Interior Health has confirmed they expect work on the new Urgent and Primary Care Center for the Kamloops North Shore should be done by this summer, with expectations the new facility will be operational toward the end of 2024.
Executive Director of Clinical Operations for Kamloops, Lisa Zetes Zenatta, has confirmed to Radio NL the new UPCC at the North Hills Mall will be a separate facility, with its own staffing.
“This is it’s own stand-alone center. It is a second Urgent and Primary Care Center, which means we are looking to increase significantly the capacity. We are already at full capacity of operations [at the UPCC at Royal Inland Hospital],” said Zetes Zenatta. “We are not looking at shifting our nurses and techs and MOA’s. We will be posting new positions for them.”
Zetes Zenatta also confirming the 3.2 million dollars Interior Health has earmarked for the new UPCC is simply for construction costs, saying the overall facility is going to have a much higher price tag for annual operations.

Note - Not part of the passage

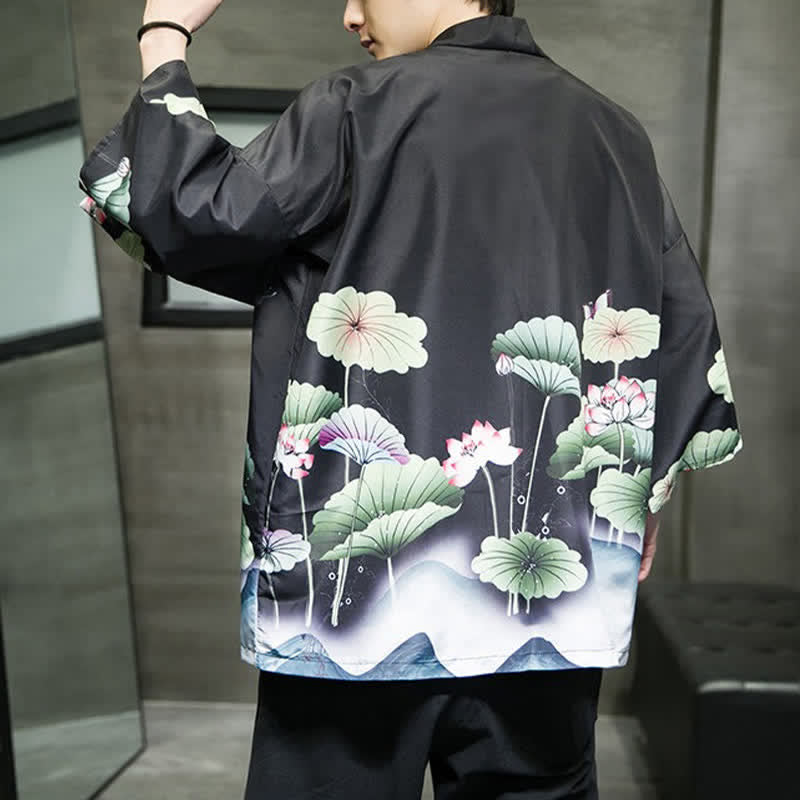 Buddha Stones Kimono d'été décontracté pour homme, imprimé feuilles de lotus, papillons et grues, ouvert sur le devant - image 20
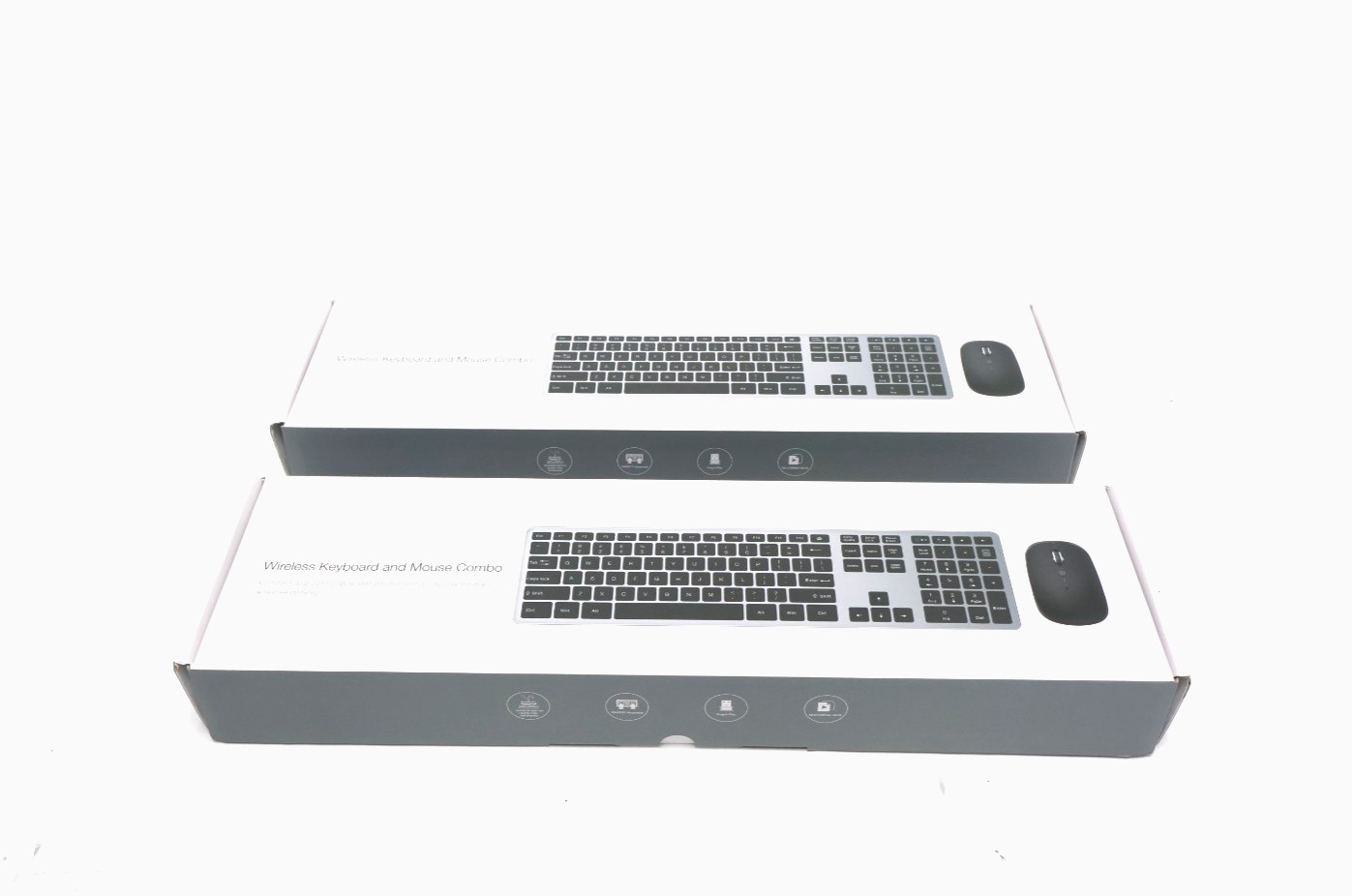 Lot of 2 Wireless Keyboard and Mouse Combo Full-Size Wireles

“This is going to be net-new capacity, not a shift from one location to another,” said Zetes Zenatta. “We’re in early days in the staff planning. But what I can tell you is that I’m hopeful that we will see double the appointments available.”
A request for proposals submitted for tender by Interior Health in late November indicates the location for the new UPCC in the North Hills Mall will be roughly 800 square meters in size.
The large-scale work space is where medical personnel would provide non-emergency medical care, with expectations it could open in about a year’s time.
“The project will support two guiding Primary Care goals from Ministry of Health,” states the RFP, which closed on December 22nd.
“Enhancing the quality and value of the care experienced both by individual patients and specific populations; and improving the performance of the health care system both in terms of the quality of clinical services, linked to meaningful clinical outcomes, as well as improving the overall system efficiency and productivity based on health outcomes achieved per dollar spent,” stated the RFP.